[YOUR TASK]
With pictures left out, write out exactly every line from the start of the data through the one that contains "LV Monogram Deri Mekanizmalı Cüzdan".
(DATA SUPPLIED Opens)
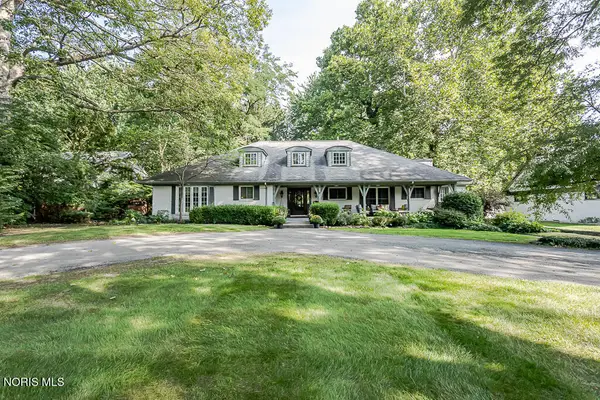 3610 W Bancroft Street, Ottawa Hills, OH 43606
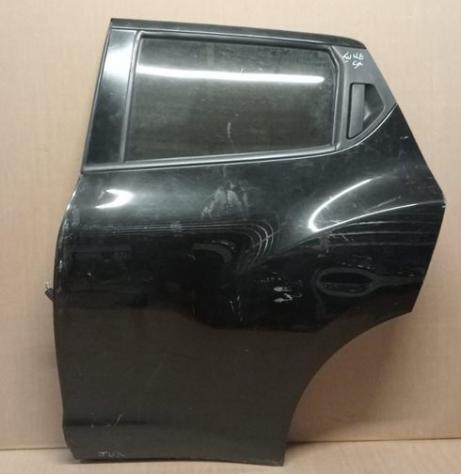 PORTA POST. SX NERO MET. C/ALZ. E SERR. (1 Bullo) 999-U1293299 Carrozzeria  Lamierati esterni  Porte  Porta post. sx. NISSAN - JUKE - 01-10-2010 - 01-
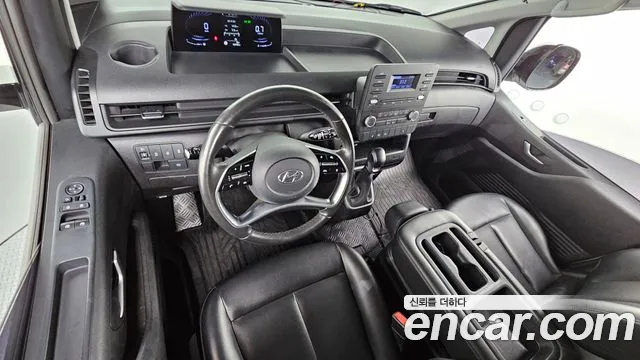 Hyundai Staria — интерьер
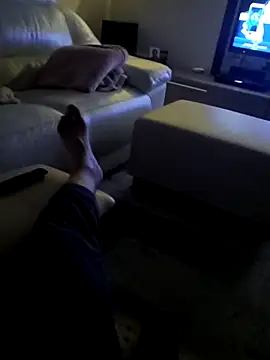 Io125 online show from February 2, 5:45 pm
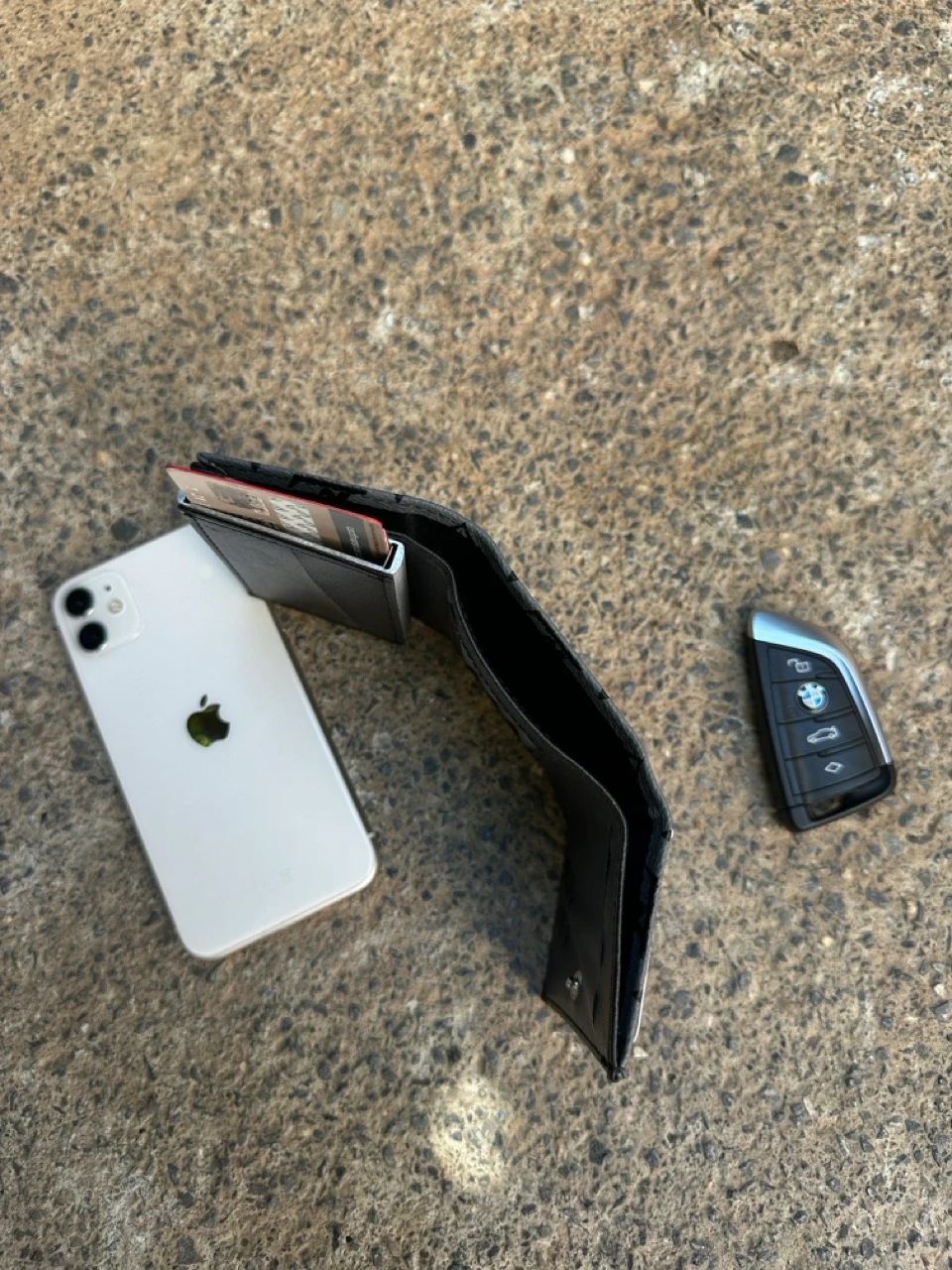 LV Monogram Deri Mekanizmalı Cüzdan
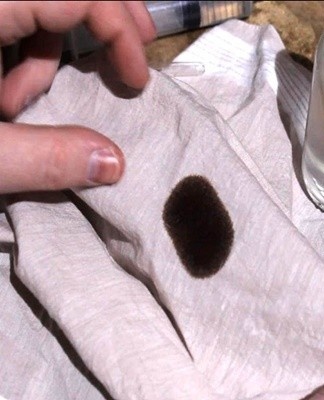 Resin stains are very sticky. Care should be taken when removing them.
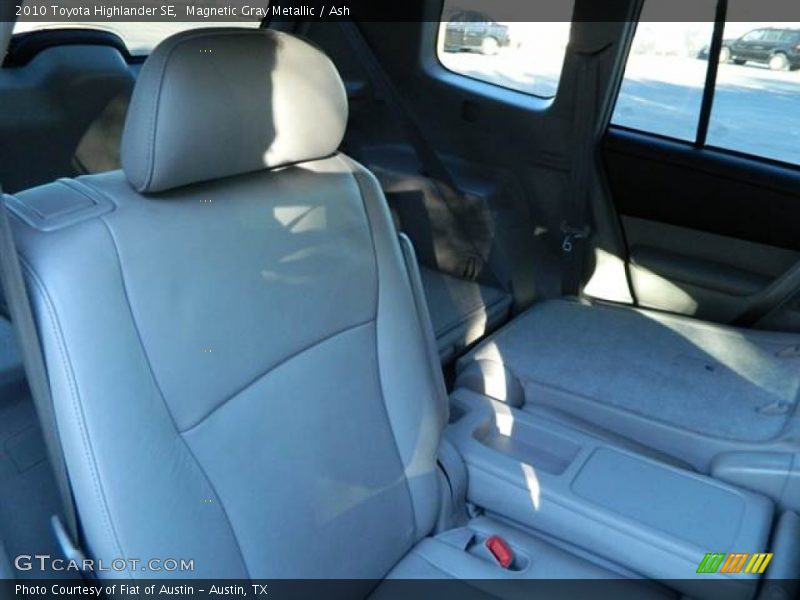 Magnetic Gray Metallic / Ash 2010 Toyota Highlander SE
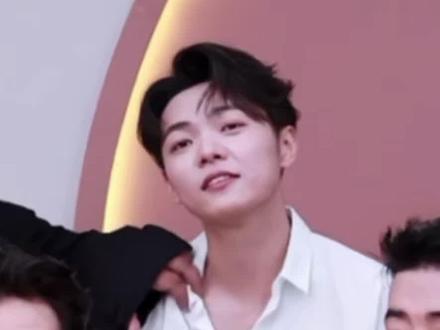 给粉丝的情书之费宇涛cut~你的美丽们已收到🥰 王谦这手是…给鱼桃们送福利来了😎 @魔力 sir-费宇涛
#费宇涛 #王谦 #费宇涛开嗓就是OST质感 #向全世界安利费宇涛 #马来西亚鱼桃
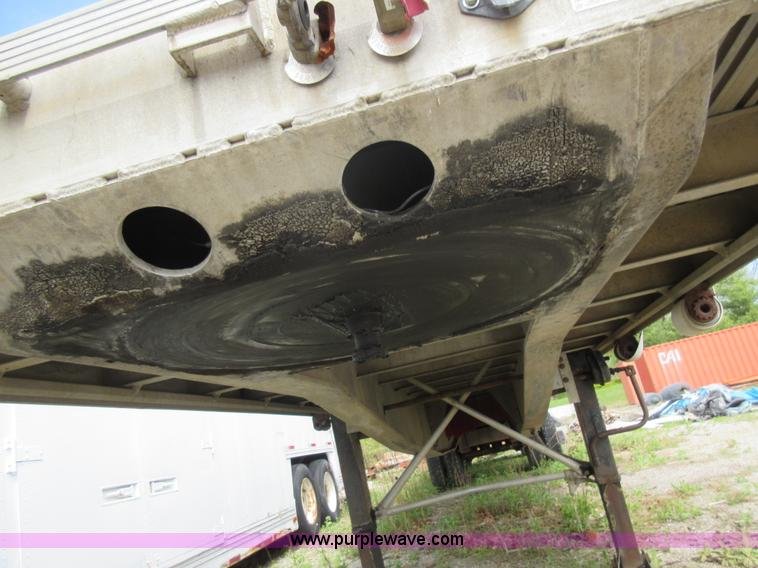 image for item AC9250 1993 Reinke flatbed trailer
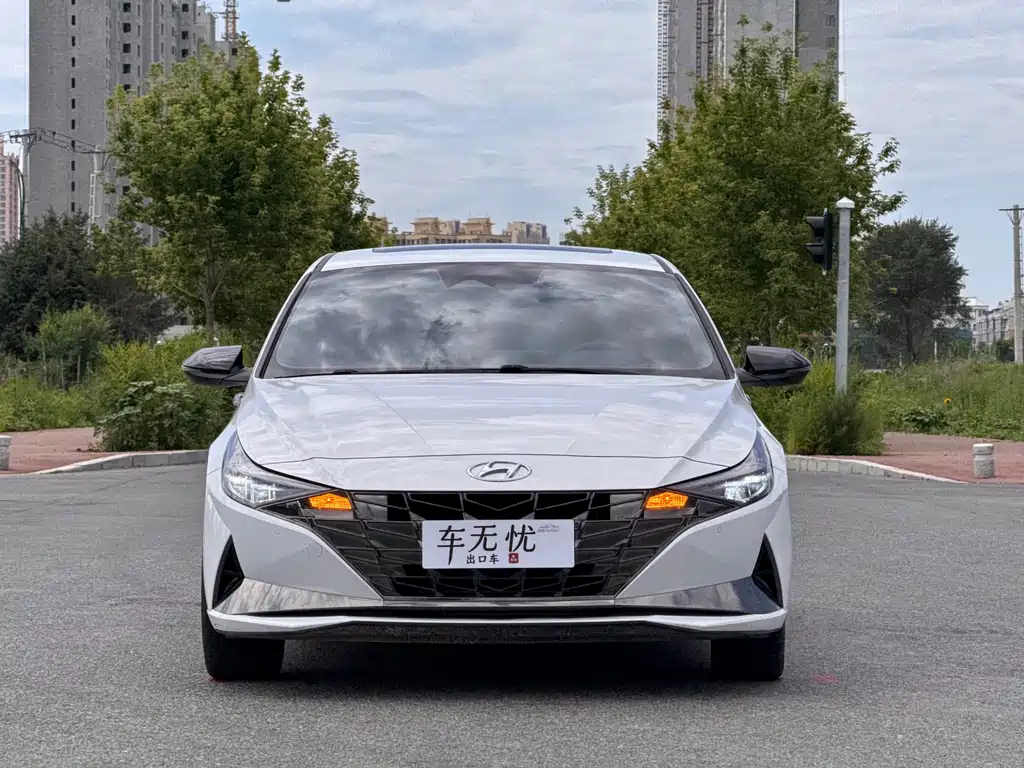 Hyundai Elantra 2022 240TGDi DCT LUX Luxury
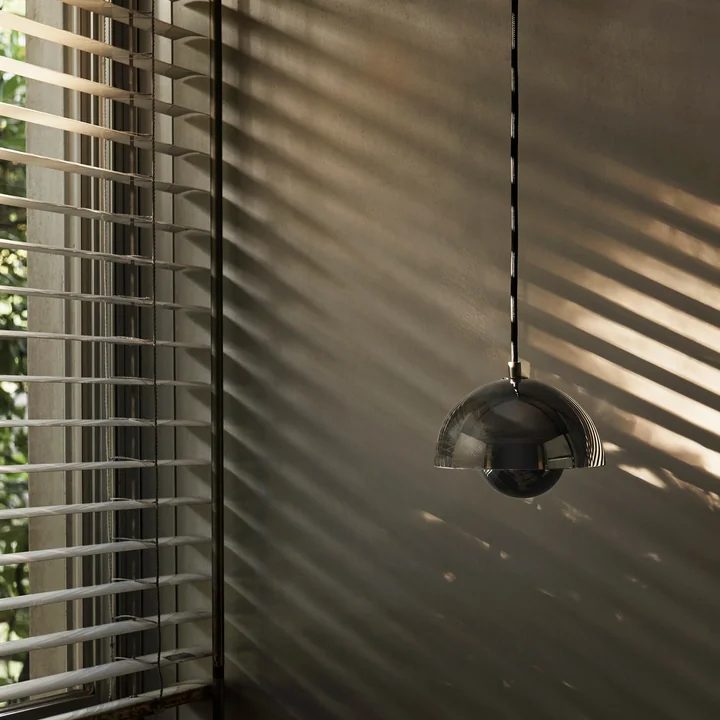 FlowerPot VP10 Hanglamp, verchroomd door & Tradition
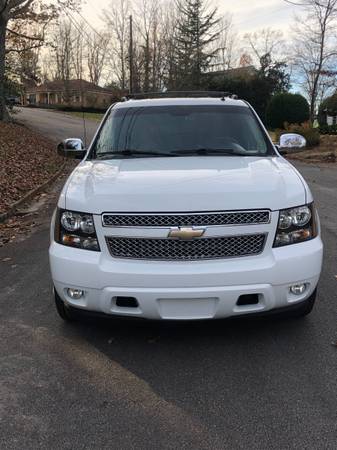 2008 Chevrolet Avalanche LTZ LOW MILES! - cars & trucks - by owner -... for sale in Greer, SC – photo 6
(DATA SUPPLIED Closes)
[EXERCISE RESULT]
 3610 W Bancroft Street, Ottawa Hills, OH 43606
 PORTA POST. SX NERO MET. C/ALZ. E SERR. (1 Bullo) 999-U1293299 Carrozzeria  Lamierati esterni  Porte  Porta post. sx. NISSAN - JUKE - 01-10-2010 - 01-
 Hyundai Staria — интерьер
 Io125 online show from February 2, 5:45 pm
 LV Monogram Deri Mekanizmalı Cüzdan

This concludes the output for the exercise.